Pope Benedict XVI signed the document today but the text, which focuses on globalisation, poverty and the financial crisis and is one of the most important to come out of the Holy See in the past decade, will be published 48 hours before the meeting of world leaders at L'Aquila in Italy - a week-long delay.
Caritas in veritate, Love or charity in truth, will outline the ethical values that the faithful must "tirelessly defend" to ensure "true freedom and solidarity", the Pope said recently. He said that the global downturn demonstrated the need to "rethink economic and financial paradigms that have been dominant in recent years."
The encyclical - the most authoritative document a Pope can issue - analyses the destructive effect on society of the pursuit of commercial or private interests without "social responsibility" or "conscience and honesty". It proposes an international agreement on globalisation based on "the principles of subsidiarity and solidarity" and "the values of charity and truth".

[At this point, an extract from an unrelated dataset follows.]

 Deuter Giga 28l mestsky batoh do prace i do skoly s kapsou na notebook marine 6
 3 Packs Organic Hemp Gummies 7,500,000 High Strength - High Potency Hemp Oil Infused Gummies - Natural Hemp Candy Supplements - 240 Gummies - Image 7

The Pope has been working on the encyclical for two years, but delayed it in order to bring it up to date and reflect the global economic crisis. Its publication has been further delayed by translation problems into Latin, according to the Italian newspaper la Repubblica.
Although Pope Benedict has encouraged a return to Latin in the liturgy, there is a dwindling number of experts able to find Latin equivalents for terms such as "market value" and "tax haven".
Benedict has written two previous encyclicals in his four years as Pope, Deus caritas est (God is Love) in 2006 and Spe salvi (Saved by Hope) in 2007.